Charles A. Hickey, Pastor of Trinity Presbyterian Church of Northern Kentucky (PCA) in Ludlow, Ky., provided this resolution adopted by the Session. He wrote, “The Trinity PCA Session had concerns about women in military service and spent a great deal of time preparing the statement on Women in the Military. We believe it necessary for churches to adopt similar statements and teachings so that when our wives, sisters and daughters are subjected to the Selective Service, they will have the necessary background in making a stand as conscientious objectors. This statement may aid other Churches they prayerfully consider adopting this or comparable statements.”

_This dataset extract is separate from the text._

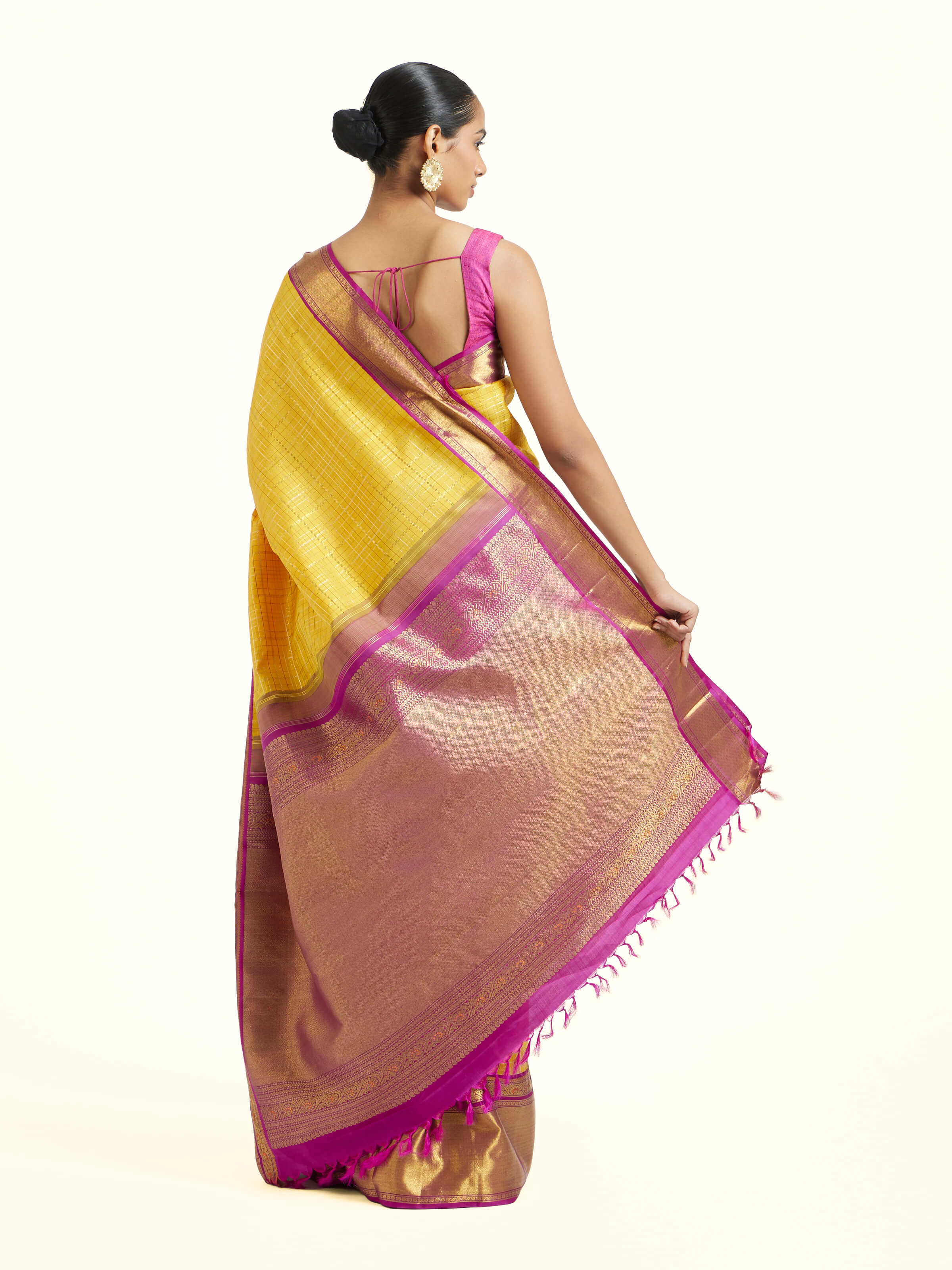 Back view of yellow silk Kancheepuram saree displaying ornate pallu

Trinity Presbyterian Church Of Northern Kentucky
Statement of Opposition to Women Serving In the Military
Whereas, on January 24, 2013, the former Secretary of Defense, Leon Panetta, and the Chairman of the Joint Chiefs of Staff, Army General Martin E. Dempsey, unilaterally rescinded the policy—in place throughout our national history in the combined armed forces of the United States of America—that women are excluded from combat service; and
Whereas, the Chairman of the Joint Chiefs of Staff, Army General Martin E. Dempsey, wrote regarding women serving in the military, “We all wear the same uniform and we all fire the same weapons. And most importantly, we all take the same oath,” thereby renouncing the distinction between men and women with respect to their service in military combat roles; and
Whereas, Congressional legislation has been proposed that would require women to register with the Selective Service System; and
Whereas, the United States Supreme Court, in a case adjudicating the constitutionality of a male-only Selective Service registration requirement, ruled that registration serves no purpose beyond providing a pool for the draft of potential combat troops;[1] and
Whereas, the United States Supreme Court rested its decision validating the male-only Selective Service registration requirement in large measure upon the military rule that distinguishes between men and women’s service in combat roles[2]—a distinction the United States military has now repudiated, thus eliminating the Court’s principal rationale for permitting Congress to require only men to register with Selective Service; and
Whereas, an impermeable distinction between combat and non-combat troops is not, and has not been, a policy of the United States military,[3] nor are battle risks and martial readiness training and expectations avoided by those designated as non-combat troops; and
Whereas, women in military assignments have been put in harm’s way and will in all likelihood be given increasingly dangerous combat assignments; and
Whereas, the theater of battle carries risks different for women than men, risks from which women should be diligently protected—not intentionally subjected; and
Whereas, in the circumstance of an armed force constituted of both men and women, military exigencies are such as often would make impractical or forbid the separation of men and women otherwise required by dictates of modesty, respect, and protecting women from risks of exploitation and other improprieties; and
Whereas, the shortfalls in recruiting accompanied by the increasing demands caused by numerous deployments and escalating attrition in the ranks of the armed services, together with an international environment of geopolitical instability carrying the potential to trigger numerous additional military conflicts involving the United States, entails that it is reasonable to anticipate a conscription of men and women into military service in this country; and
Whereas, the issue of the service of women in the military generally, and in combat positions specifically, has been an enduring matter of concern in the national discourse; and
Whereas, it is the duty of the Church, as the pillar and foundation of the truth, to declare the will of God on all matters of faith and practice; and
Whereas, the failure of the larger Church to speak clearly on this issue of women in military service places all women, including those of Trinity Presbyterian Church, in jeopardy by not providing them with the Church’s declaration on this issue, leaving them to plead only their personal beliefs should they be conscripted;
THEREFORE, be it resolved that the Session of Trinity Presbyterian Church hereby adopts as its position the statement in the following paragraph, along with the series of affirmations and denials appended hereto (in Appendix A).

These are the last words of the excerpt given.